Registering New Domain

Prerequisites

  1. (Tenant Admin) Registering the application in your tenant
  2. (PKI Admin) Selecting a Plan
  3. (PKI Admin) Created a Root CA
  4. (PKI Admin) Created a Subordinate CA

Video Version

Overview

In order to request SSL Certificates, you must register the domain you are planning to use.
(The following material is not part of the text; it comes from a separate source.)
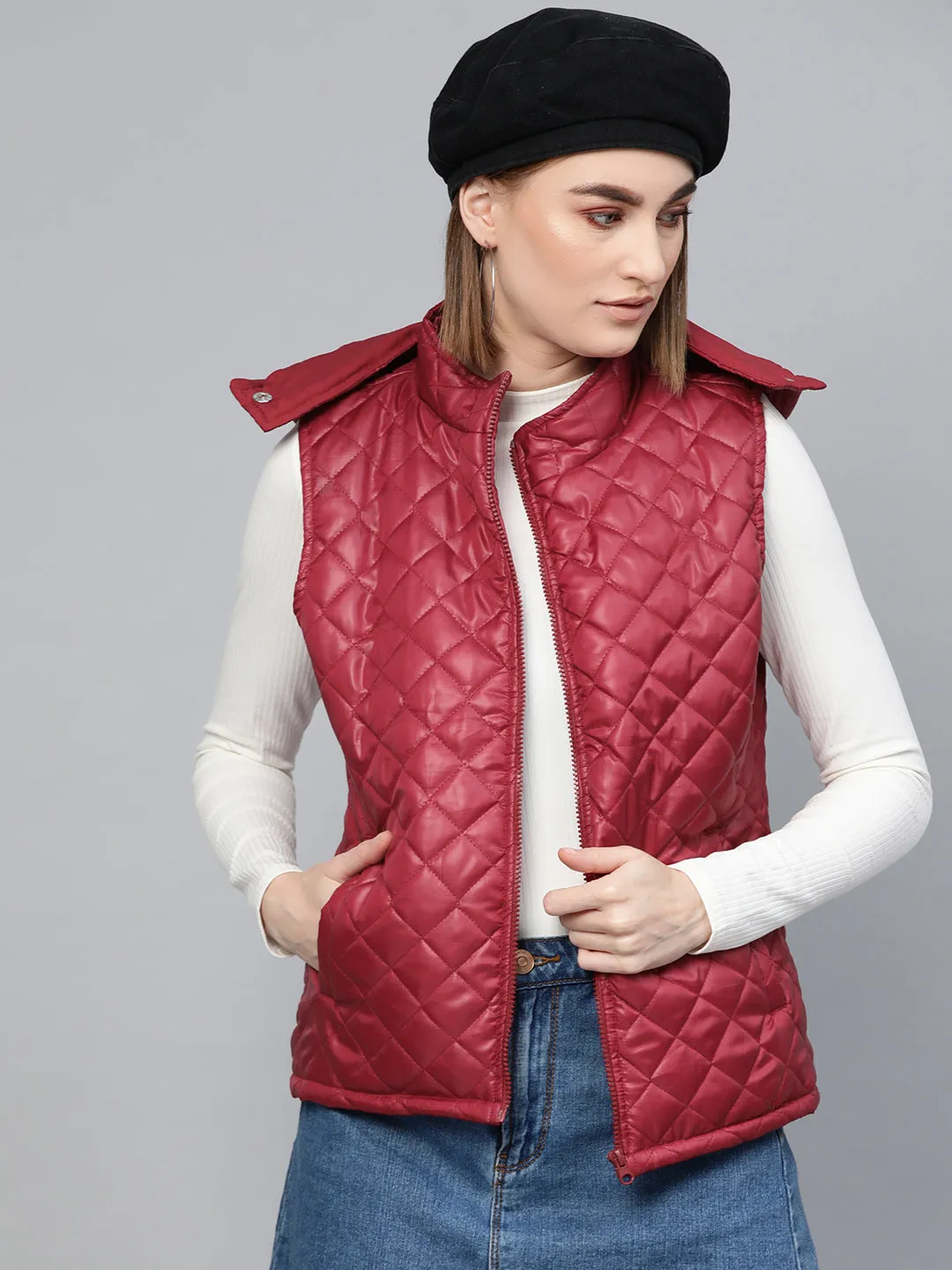 Women Maroon Quilted Sleeveless Hood Jacket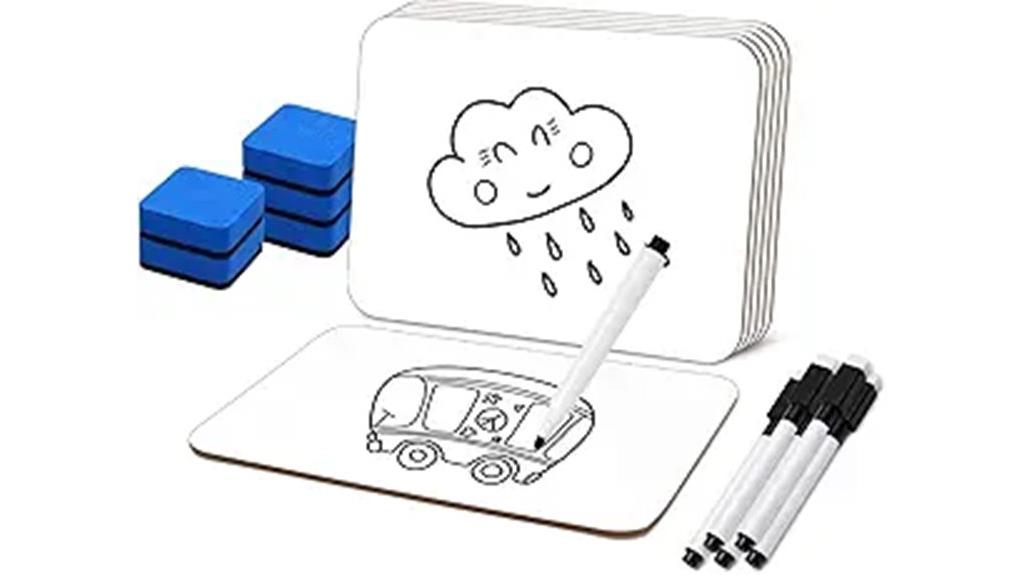 set of five small whiteboards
This enables PKI administrators to keep a record of domain ownership, while allowing domain owners to manage approved users or applications that can request certificates for that domain.

Registering a domain

  1. Go to https://portal.ezca.io/
  2. Navigate to Domains. Domains Menu
  3. Click on “Register Domain”. Domains Menu
  4. Select your Issuing CA. Registering New Domain
  5. Enter your Domain. Registering New Domain
  6. Enter the domain owners. Domain owners are users or groups that will be allowed to manage who can request certificates for this domain. Note: Owners cannot request certificates, if an owner also needs permission to request certificates the owner must be added as a requester. Registering New Domain
  7. Enter the AAD Objects (User, Groups, Service Principals, and MSIs) that will be allowed to request certificates for this domain. Registering New Domain
  8. Click the “Register Domain” button. Registering New Domain
  9. Now that the domain is registered, create your first certificate

    If domain registration approval is set in CA, This request will be sent to the approvers for them to approve. Dual key approval is enforced, meaning that if you are an approver, someone else will have to approve your requests.